Aquella mañana Leo nos mostró su nuevo hallazgo, había encontrado unas raquetas de tenis, con todas las características del implemento profesional, ajustadas en su estructura de protección y conservación, apretada con tornillos y tuercas mariposa. La había tropezado mientras buscaba unas piezas de repuesto de las vías férreas de su tren de juguete. Mientras intentas descifrar los códigos de atajos y corazonadas para llegar hasta aquella hacienda, también te acercas a la clínica de la avenida Santa Rosa de Cumaná donde trabaja uno de los hermanos de Santiago, reconoces sus facciones y tratas de conocer más detalles del deceso de tu amigo. Mientras explica los detalles regresas a la hacienda, a la casa, a la habitación donde Leo nos llevó para ayudarle a sacar las raquetas del compartimento superior de un escaparate de roble que parecía al monstruo Milton, algunos dos metros y medio metros de altura por otros cuatro de largo y más de tres cuartos de metro de ancho.
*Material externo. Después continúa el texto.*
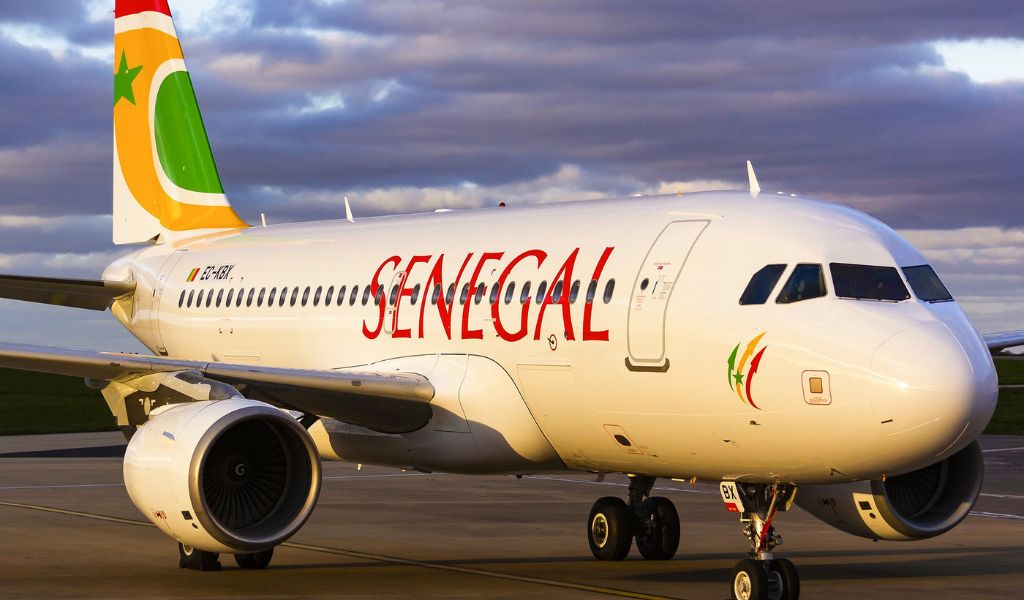 air senegal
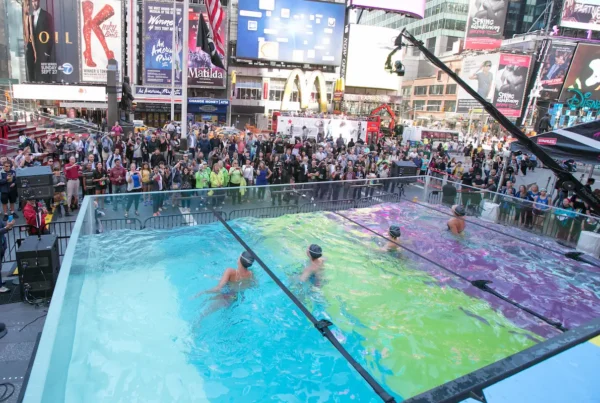 EPSON Times SQ tank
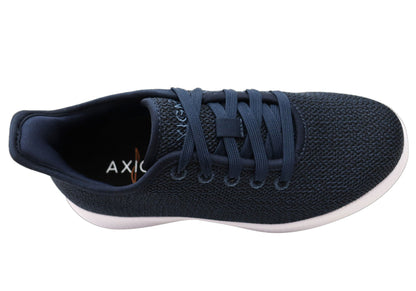 Axign Unisex Comfortable River V2 Lightweight Casual Orthotic Shoes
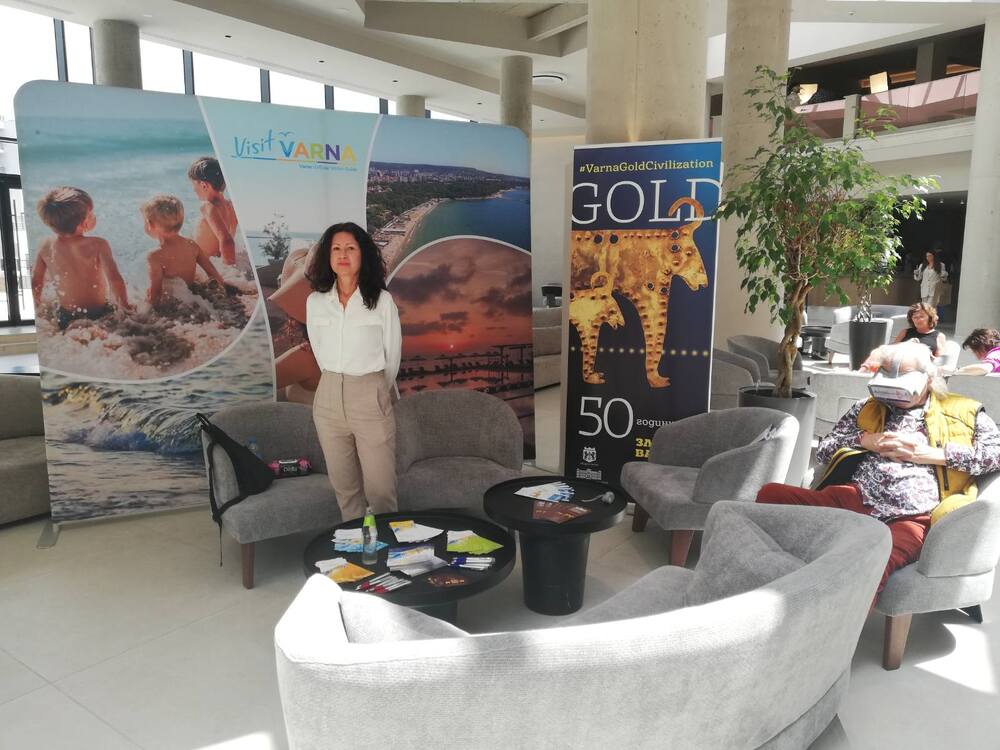 Община Варна подкрепи годишната конференция на Rita AG – най-голямата организация на независимите туристически агенти в Германия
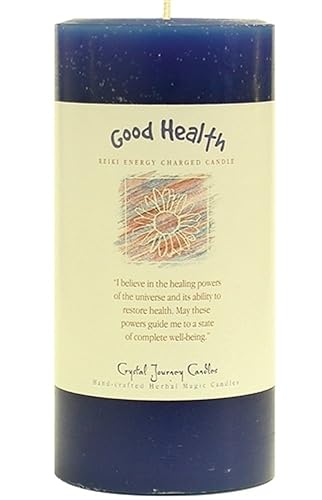 CRYSTAL JOURNEY Vela Crystal J Good Health, 1 EA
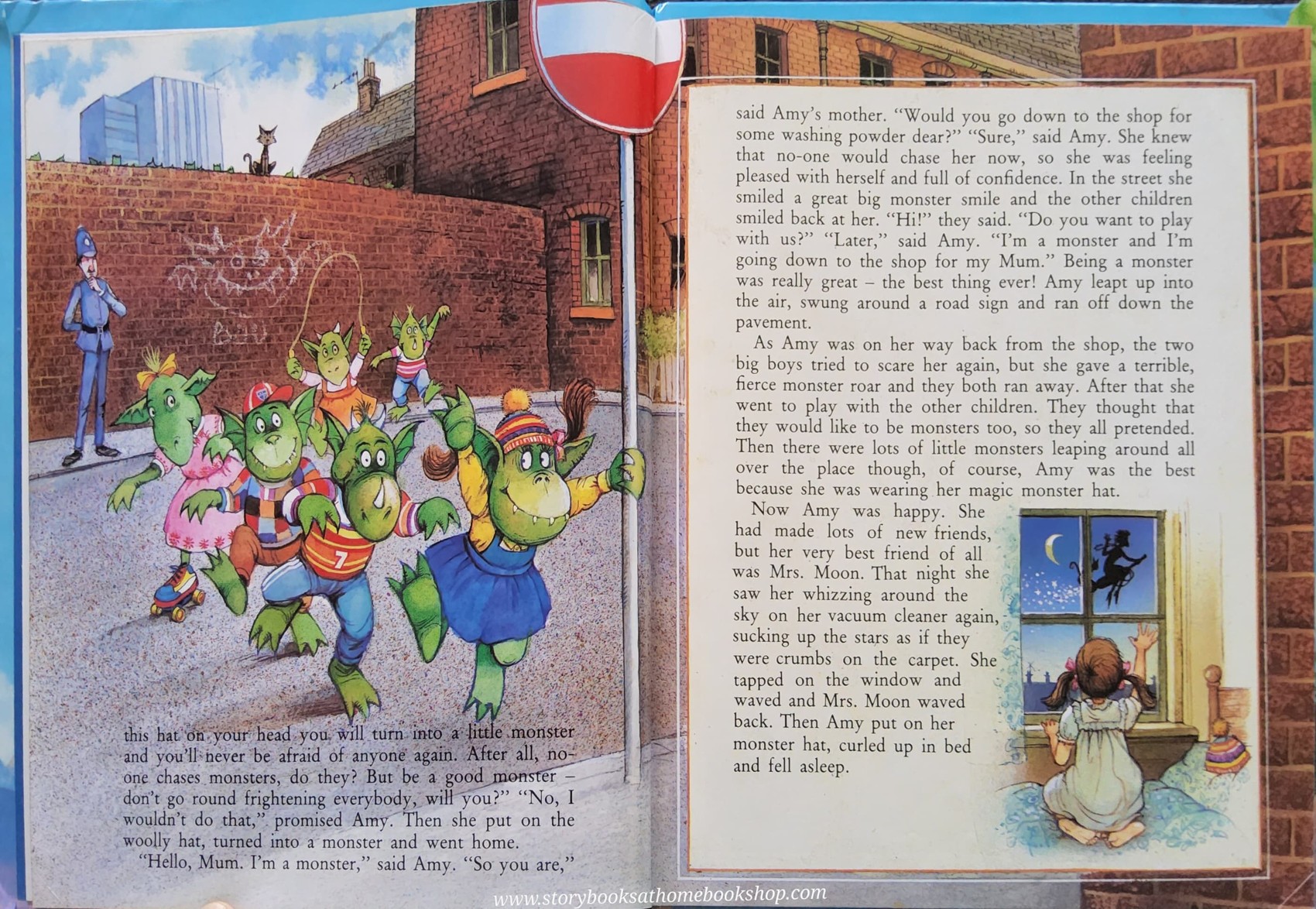 หนังสือนิทานปกแข็ง** 🍅🍅WITCHES,WIZARDS AND MAGICAL PEOPLE BY JOHN PATIENCE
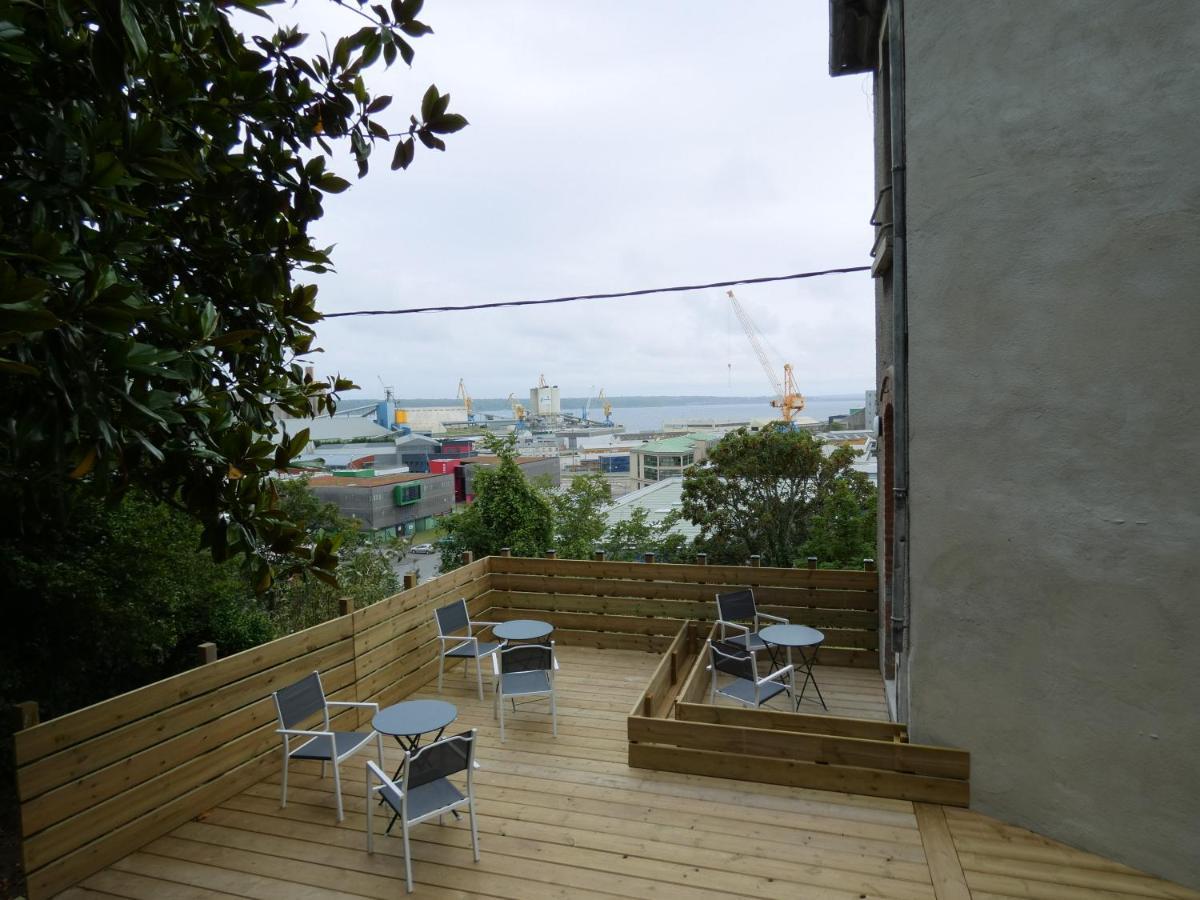 Studio Neuf & Chaleureux 5Min De La Gare Leroz Appartement Brest Buitenkant foto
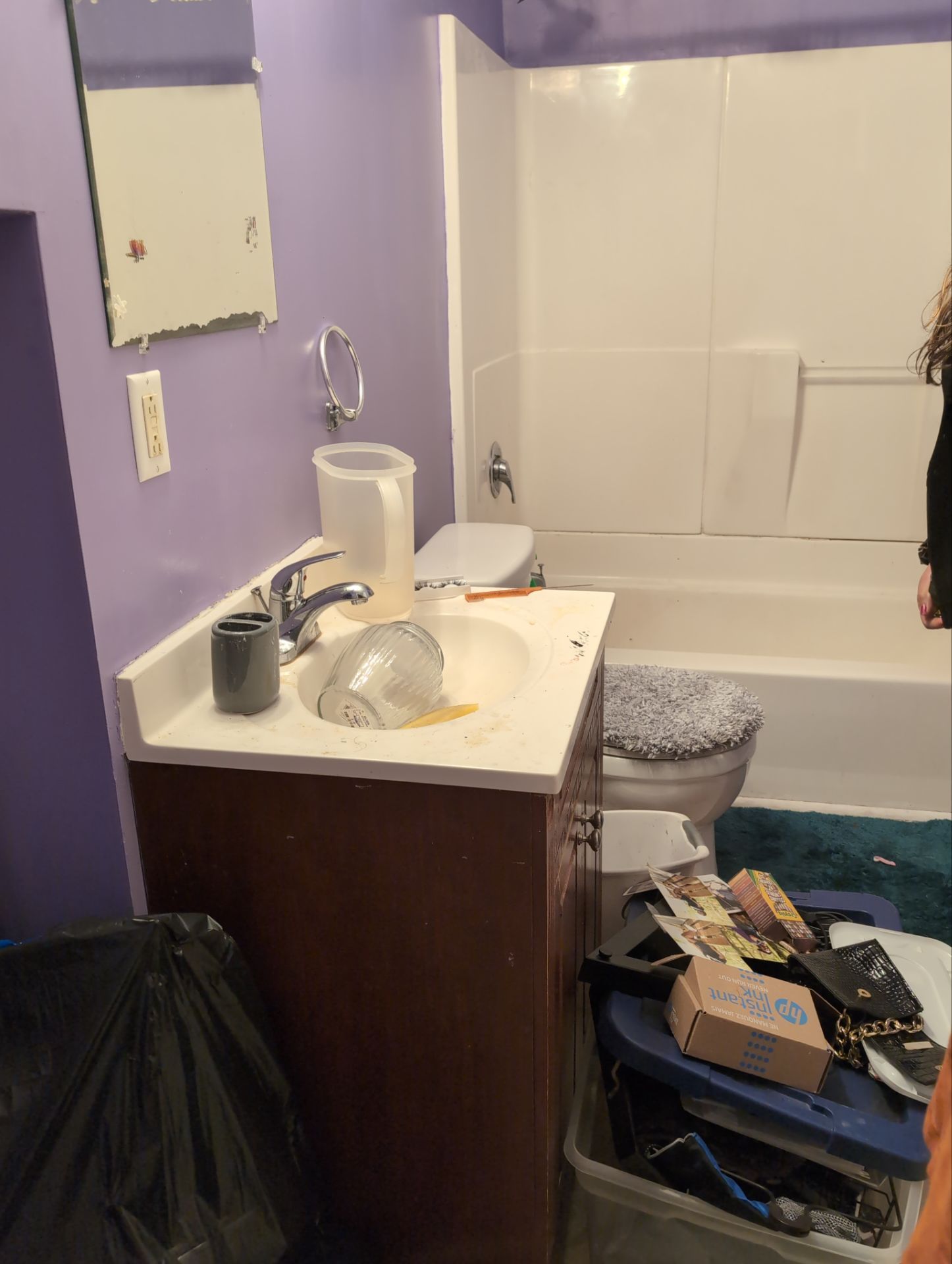 Holly Springs Hallway Bathroom Remodel – A Smart, Stylish Redesign by Elite Remodeling and Design LLC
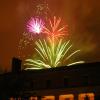 Fireworks over Norlin
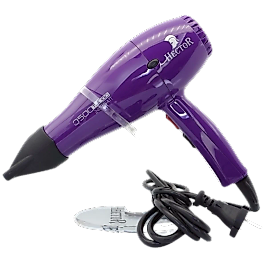 Hector 3500 Profesyonel Fön Makinesi 2400 W Mor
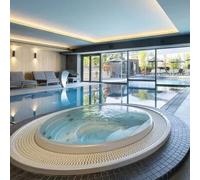 Sport Découverte Spa et Soins Cinq Mondes avec Déjeuner près de Gerardmer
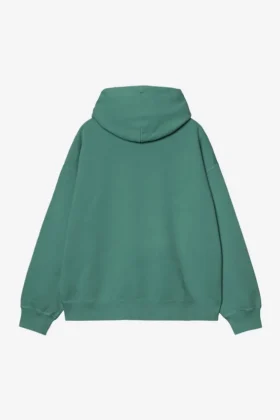 Chaqueta con capucha Benton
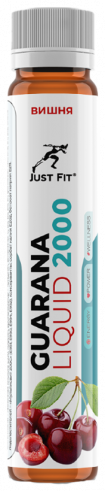 Just Fit Гуарана 2000, 25 мл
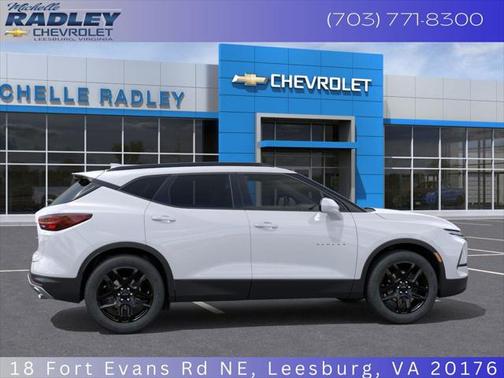 2025 Chevrolet Blazer 2LT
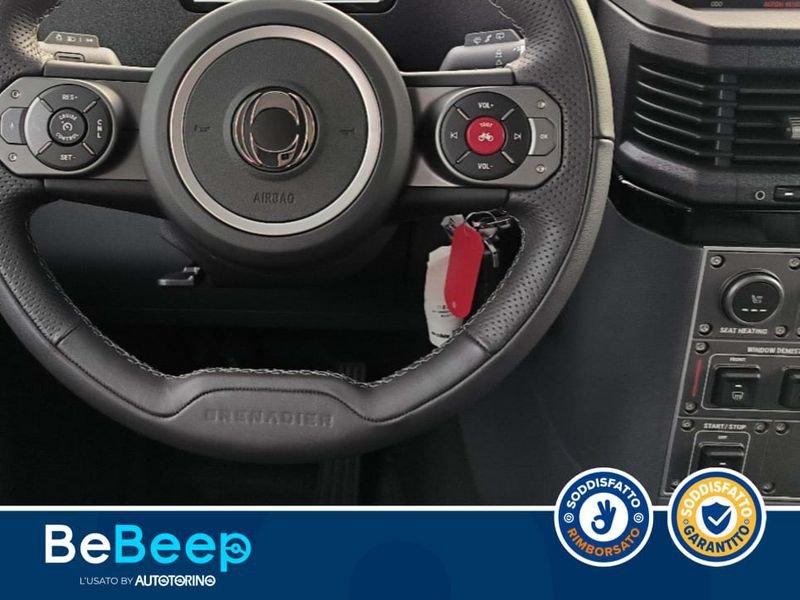 Ineos Grenadier STATION WAGON 3.0 TURBO B FIELDMASTER ED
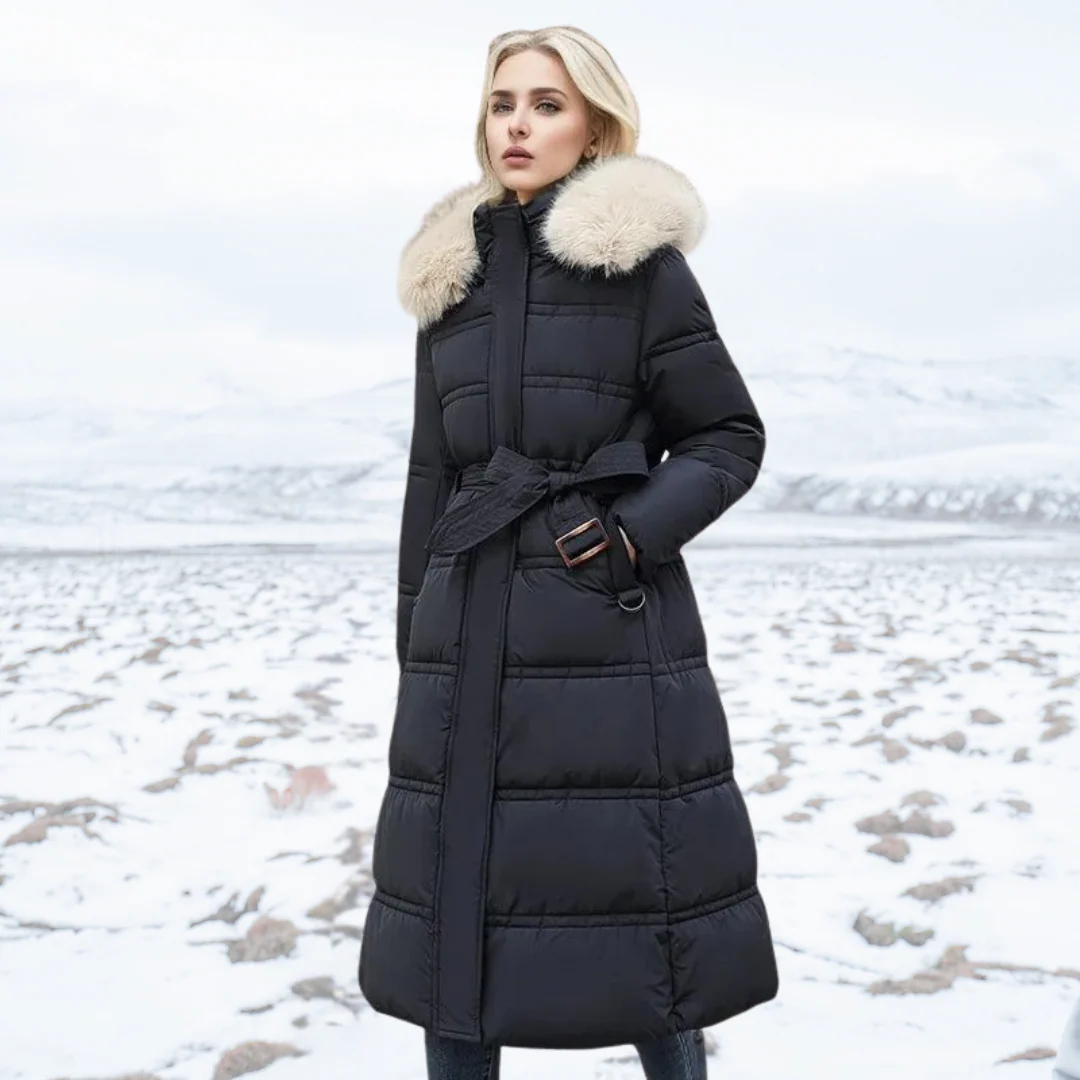 Francisca | Long jacket - Image 5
Esa mañana jugamos cinco, tal vez siete partidas de Queback, en cada cual agregábamos nuevas reglas y nos adaptábamos más a las raquetas. Llegó un momento cuando acordamos soltar la raqueta como cuando se termina de batear, pero este juego era mucho más dinámico que el beisbol o el propio básquet, luego de llegar a primera base había un receso para que el corredor recuperase la raqueta. Resultaba expectante regresar raudos a tomar. Quien primero hiciese rebotar la pelota de peluzas amarillentas hasta levantarla treinta centímetros del piso ganaba un punto y si además la conectaba fuera de la trilla se anotaba un jonrón. Muchas veces chocamos las raquetas hasta el punto de parecer un impacto de carritos chocones o la colisión entre dos gandolas. Así de violento era esa diversión, por eso tal vez solo nos percatábamos que eran las doce y media del mediodía pasadas cuando escuchábamos la voz de la mamá de Leo llamando a almorzar. Toda esa emoción duró unos días hasta que el papa de Leo nos sorprendió y recogió sus raquetas con cara de pocos amigos. Entre su monólogo entre dientes se podía escuchar algo así como: “Es el único contacto físico que me queda de los días de universidad”. Intentamos sustituir las raquetas con pedazos de cartón piedra o cartulina reforzada con madera contrachapada, nunca fue igual, no pudimos reproducir la flexibilidad y rapidez de las raquetas. Ese juego pasó muy pronto a engrosar nuestro archivo de fábulas desteñidas.